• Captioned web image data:

****************

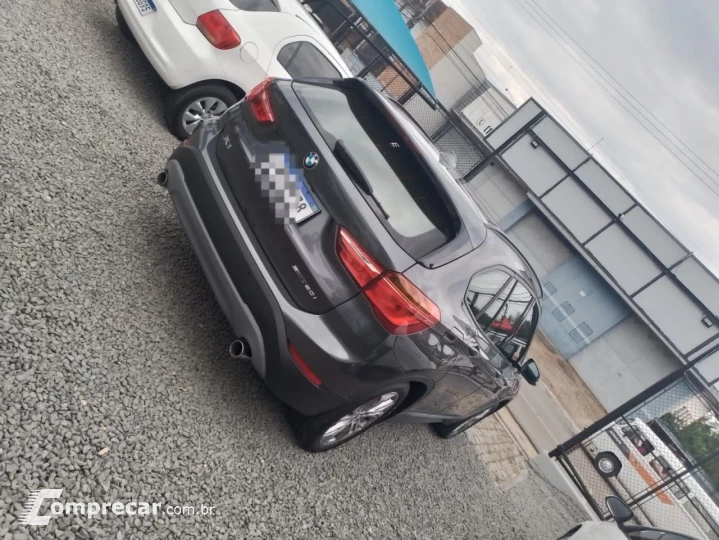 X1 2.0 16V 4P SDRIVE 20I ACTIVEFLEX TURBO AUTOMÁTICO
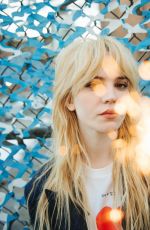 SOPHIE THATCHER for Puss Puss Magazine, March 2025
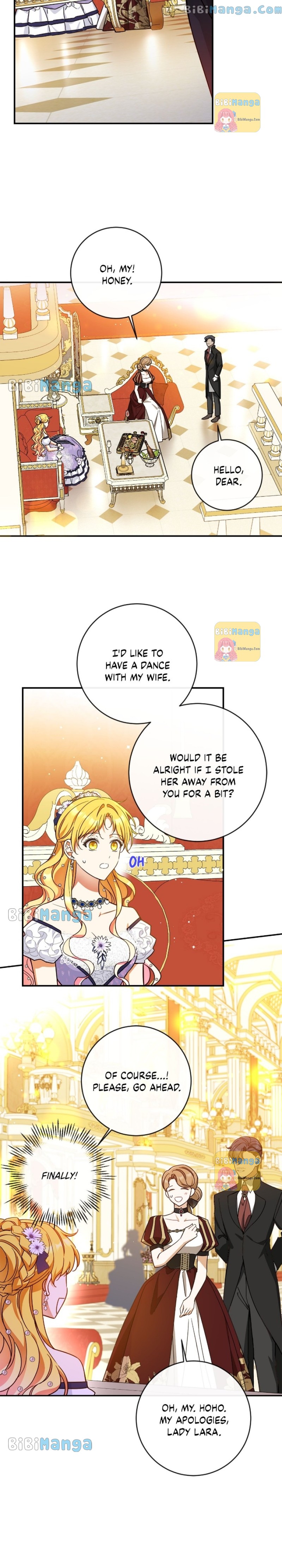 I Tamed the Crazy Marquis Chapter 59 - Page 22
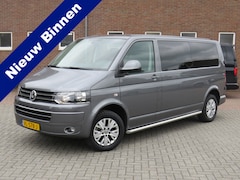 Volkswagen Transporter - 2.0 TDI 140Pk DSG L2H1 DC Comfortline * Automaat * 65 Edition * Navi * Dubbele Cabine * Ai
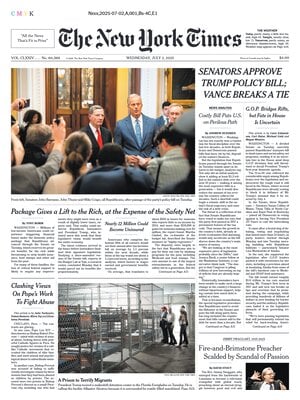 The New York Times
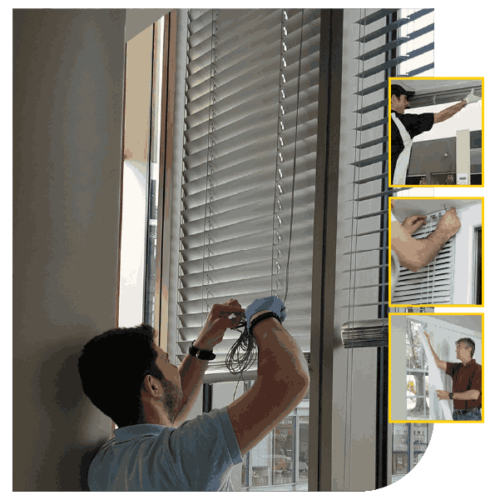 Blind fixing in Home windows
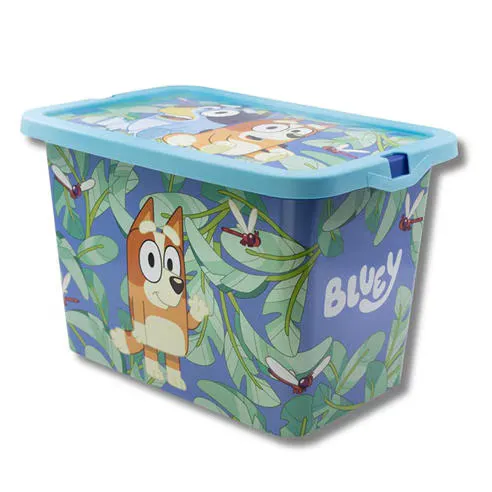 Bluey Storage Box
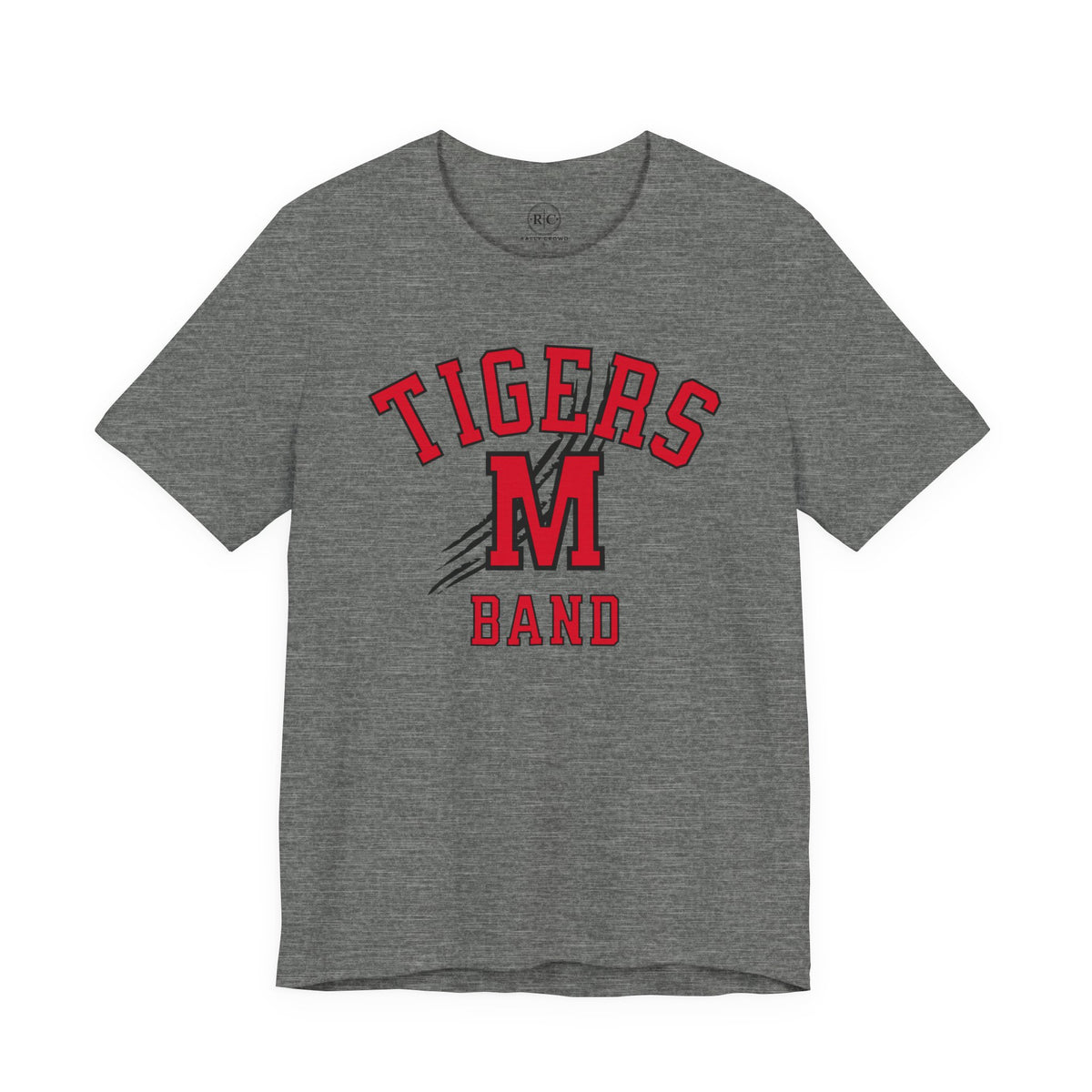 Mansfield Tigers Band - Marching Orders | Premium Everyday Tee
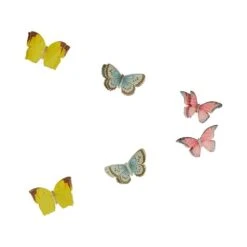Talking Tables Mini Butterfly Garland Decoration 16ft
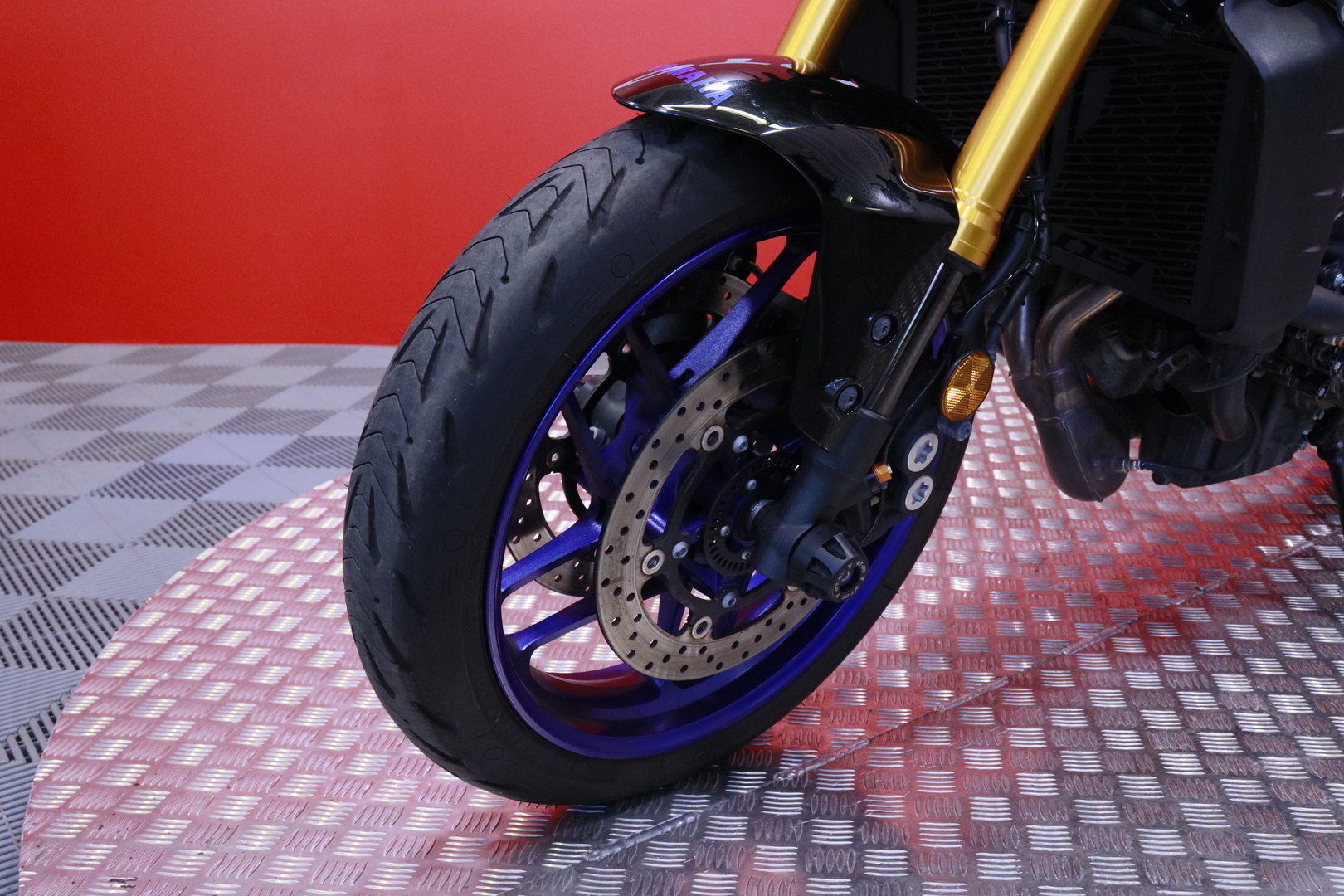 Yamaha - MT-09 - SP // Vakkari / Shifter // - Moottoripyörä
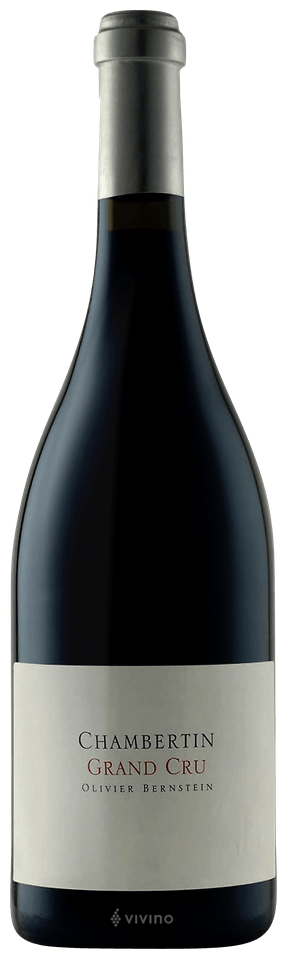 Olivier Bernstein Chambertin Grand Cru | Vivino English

****************

• Required work:
If pictures are present, they are dropped, and the entries above are written out word for word.

• Solution:
 X1 2.0 16V 4P SDRIVE 20I ACTIVEFLEX TURBO AUTOMÁTICO
 SOPHIE THATCHER for Puss Puss Magazine, March 2025
 I Tamed the Crazy Marquis Chapter 59 - Page 22
 Volkswagen Transporter - 2.0 TDI 140Pk DSG L2H1 DC Comfortline * Automaat * 65 Edition * Navi * Dubbele Cabine * Ai
 The New York Times
 Blind fixing in Home windows
 Bluey Storage Box
 Mansfield Tigers Band - Marching Orders | Premium Everyday Tee
Talking Tables Mini Butterfly Garland Decoration 16ft
 Yamaha - MT-09 - SP // Vakkari / Shifter // - Moottoripyörä
 Olivier Bernstein Chambertin Grand Cru | Vivino English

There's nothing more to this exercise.